Records supplied: Begin

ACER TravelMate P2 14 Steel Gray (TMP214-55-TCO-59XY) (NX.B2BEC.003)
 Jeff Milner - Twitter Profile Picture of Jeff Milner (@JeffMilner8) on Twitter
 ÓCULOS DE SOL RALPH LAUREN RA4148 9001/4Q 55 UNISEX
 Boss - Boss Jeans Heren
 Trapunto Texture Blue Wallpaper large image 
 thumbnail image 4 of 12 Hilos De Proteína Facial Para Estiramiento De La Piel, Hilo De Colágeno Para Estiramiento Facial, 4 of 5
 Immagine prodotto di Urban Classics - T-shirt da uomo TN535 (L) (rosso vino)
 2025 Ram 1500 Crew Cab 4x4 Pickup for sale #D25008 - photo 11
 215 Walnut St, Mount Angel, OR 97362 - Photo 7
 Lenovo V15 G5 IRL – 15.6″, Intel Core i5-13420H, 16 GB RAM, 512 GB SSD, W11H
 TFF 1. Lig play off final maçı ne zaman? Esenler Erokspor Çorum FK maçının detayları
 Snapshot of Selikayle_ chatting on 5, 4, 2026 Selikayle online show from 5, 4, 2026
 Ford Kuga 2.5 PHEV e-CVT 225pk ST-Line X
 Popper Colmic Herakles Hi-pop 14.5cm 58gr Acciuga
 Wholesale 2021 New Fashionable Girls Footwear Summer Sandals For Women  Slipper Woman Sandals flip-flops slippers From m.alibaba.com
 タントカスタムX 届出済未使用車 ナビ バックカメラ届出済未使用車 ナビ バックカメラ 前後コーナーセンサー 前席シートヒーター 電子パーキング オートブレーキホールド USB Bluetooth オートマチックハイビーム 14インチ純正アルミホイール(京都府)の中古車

Records supplied: End

What to do:
Your reply must be a faithful copy of each entry above.

Written solution:
ACER TravelMate P2 14 Steel Gray (TMP214-55-TCO-59XY) (NX.B2BEC.003)
 Jeff Milner - Twitter Profile Picture of Jeff Milner (@JeffMilner8) on Twitter
 ÓCULOS DE SOL RALPH LAUREN RA4148 9001/4Q 55 UNISEX
 Boss - Boss Jeans Heren
 Trapunto Texture Blue Wallpaper large image 
 thumbnail image 4 of 12 Hilos De Proteína Facial Para Estiramiento De La Piel, Hilo De Colágeno Para Estiramiento Facial, 4 of 5
 Immagine prodotto di Urban Classics - T-shirt da uomo TN535 (L) (rosso vino)
 2025 Ram 1500 Crew Cab 4x4 Pickup for sale #D25008 - photo 11
 215 Walnut St, Mount Angel, OR 97362 - Photo 7
 Lenovo V15 G5 IRL – 15.6″, Intel Core i5-13420H, 16 GB RAM, 512 GB SSD, W11H
 TFF 1. Lig play off final maçı ne zaman? Esenler Erokspor Çorum FK maçının detayları
 Snapshot of Selikayle_ chatting on 5, 4, 2026 Selikayle online show from 5, 4, 2026
 Ford Kuga 2.5 PHEV e-CVT 225pk ST-Line X
 Popper Colmic Herakles Hi-pop 14.5cm 58gr Acciuga
 Wholesale 2021 New Fashionable Girls Footwear Summer Sandals For Women  Slipper Woman Sandals flip-flops slippers From m.alibaba.com
 タントカスタムX 届出済未使用車 ナビ バックカメラ届出済未使用車 ナビ バックカメラ 前後コーナーセンサー 前席シートヒーター 電子パーキング オートブレーキホールド USB Bluetooth オートマチックハイビーム 14インチ純正アルミホイール(京都府)の中古車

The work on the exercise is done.